Cooper takes issue with SIC’s planned maintenance programme

More discussion should take place before projects find their way onto the council’s capital programme, according to Shetland North councillor Alastair Cooper.

SIC Councillor Alastair Cooper pic 2
Alastair Cooper wants more discussion about which projects make the SIC’s list.

Speaking at the full council meeting on Wednesday, Mr Cooper said that some of the projects – there were 51 jobs on the list presented to councillors – were not necessarily what communities wanted. Some work could be done at a later date, such as cathodic protection of piers, and only projects that were essential should go ahead.

He said there needed to be “strategic discussion about what’s in and what’s out”, as the programme as it stood reflected the “ambition of committees”. If he wanted, for example, Toft pier to be on the list, something would have to be taken out.

Council leader Gary Robinson said the 51 projects were only listed for approval in principle, and were subject to funding. They would be prioritised over a five year period, and to a large extent were about maintenance – the council had assets worth £400 million to maintain.

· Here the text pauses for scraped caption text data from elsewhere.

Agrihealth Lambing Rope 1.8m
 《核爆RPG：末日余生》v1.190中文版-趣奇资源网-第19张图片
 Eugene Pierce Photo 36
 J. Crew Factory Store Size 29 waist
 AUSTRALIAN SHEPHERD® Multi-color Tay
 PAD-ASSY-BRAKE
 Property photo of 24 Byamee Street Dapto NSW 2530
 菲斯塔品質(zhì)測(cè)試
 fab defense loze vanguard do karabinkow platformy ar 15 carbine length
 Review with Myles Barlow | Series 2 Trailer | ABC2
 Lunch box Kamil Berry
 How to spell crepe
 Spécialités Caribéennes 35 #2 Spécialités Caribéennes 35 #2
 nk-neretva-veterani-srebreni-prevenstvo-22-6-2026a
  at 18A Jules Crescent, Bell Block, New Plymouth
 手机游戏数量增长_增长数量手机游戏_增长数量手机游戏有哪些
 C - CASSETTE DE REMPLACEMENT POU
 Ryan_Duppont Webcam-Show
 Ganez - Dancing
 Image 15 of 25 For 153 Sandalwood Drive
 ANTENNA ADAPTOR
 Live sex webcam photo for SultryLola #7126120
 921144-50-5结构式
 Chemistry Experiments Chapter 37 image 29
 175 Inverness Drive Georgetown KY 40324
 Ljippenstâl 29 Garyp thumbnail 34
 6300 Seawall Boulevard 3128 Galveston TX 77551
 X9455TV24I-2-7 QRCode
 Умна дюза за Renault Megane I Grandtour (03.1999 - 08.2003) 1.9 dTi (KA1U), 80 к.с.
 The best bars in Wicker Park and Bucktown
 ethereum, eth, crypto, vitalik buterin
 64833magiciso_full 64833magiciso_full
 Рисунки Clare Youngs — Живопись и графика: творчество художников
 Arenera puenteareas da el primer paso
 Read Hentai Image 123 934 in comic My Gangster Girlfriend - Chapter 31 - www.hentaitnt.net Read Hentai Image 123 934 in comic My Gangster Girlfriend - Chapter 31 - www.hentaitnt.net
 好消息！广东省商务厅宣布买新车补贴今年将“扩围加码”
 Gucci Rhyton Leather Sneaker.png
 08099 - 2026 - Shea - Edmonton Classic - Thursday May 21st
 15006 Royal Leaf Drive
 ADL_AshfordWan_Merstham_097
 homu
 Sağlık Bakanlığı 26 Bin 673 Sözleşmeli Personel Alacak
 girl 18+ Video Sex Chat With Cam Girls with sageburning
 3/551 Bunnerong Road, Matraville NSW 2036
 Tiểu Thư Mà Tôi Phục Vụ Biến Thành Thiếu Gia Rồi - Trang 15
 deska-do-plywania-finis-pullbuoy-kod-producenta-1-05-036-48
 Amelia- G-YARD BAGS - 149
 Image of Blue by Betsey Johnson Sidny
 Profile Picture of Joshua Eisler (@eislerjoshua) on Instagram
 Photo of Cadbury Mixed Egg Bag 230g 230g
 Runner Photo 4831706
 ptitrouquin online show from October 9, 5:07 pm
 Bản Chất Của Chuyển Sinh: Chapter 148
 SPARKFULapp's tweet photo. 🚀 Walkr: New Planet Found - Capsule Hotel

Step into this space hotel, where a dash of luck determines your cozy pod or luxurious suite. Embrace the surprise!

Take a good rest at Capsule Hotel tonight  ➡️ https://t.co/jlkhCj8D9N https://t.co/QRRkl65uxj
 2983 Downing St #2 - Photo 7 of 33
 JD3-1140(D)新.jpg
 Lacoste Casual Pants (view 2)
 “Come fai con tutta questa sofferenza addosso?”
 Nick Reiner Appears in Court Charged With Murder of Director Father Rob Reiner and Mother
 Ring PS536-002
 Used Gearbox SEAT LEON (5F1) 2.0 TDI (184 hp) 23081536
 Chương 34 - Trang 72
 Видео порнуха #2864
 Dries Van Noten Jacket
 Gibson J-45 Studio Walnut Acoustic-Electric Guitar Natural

The 51 projects, comprising anything from replacement of photocopiers to roadworks and street lighting, had all been considered by the council’s corporate management team based on “service need case” reports. Of these, 19 were already provisionally in the asset investment plan 2015-20, with the remaining 32 being new schemes.

Mr Robinson moved that all the 51 projects should be scheduled into any future asset investment plan, subject to funding. In total these projects would cost the council just under £42 million over five years.

However, Mr Cooper put forward an amendment that more discussion should take place, and won the vote with 16 supporting him, against four for Mr Robinson.

SIC political leader Gary Robinson was happy with the reduced draw on reserves.
SIC political leader Gary Robinson insists the capital programme does not exclude additional projects.

Mr Robinson said: “There is nothing in the amendment not covered in this report. It would be foolish to think we can ignore maintenance – [the list] does not exclude other projects.”

Councillor Michael Stout queried why 25 per cent of the projects seeking approval were retrospective.

Approval was given for three specific projects, one of which, at Leaside in Firth, was a retrospective application to convert two semi-detached houses at 24 and 25 Leaside into four flats. Funding of £100,000 had already been budgeted for.

The other schemes were at Scalloway Fishmarket, where the refrigeration and doors maintenance works were essential to keep the place operational (funded from £180,000 income from the accommodation barge and vessel in Scalloway Harbour), and the Walls pier crane, which urgently needs to be replaced.

These projects would start immediately.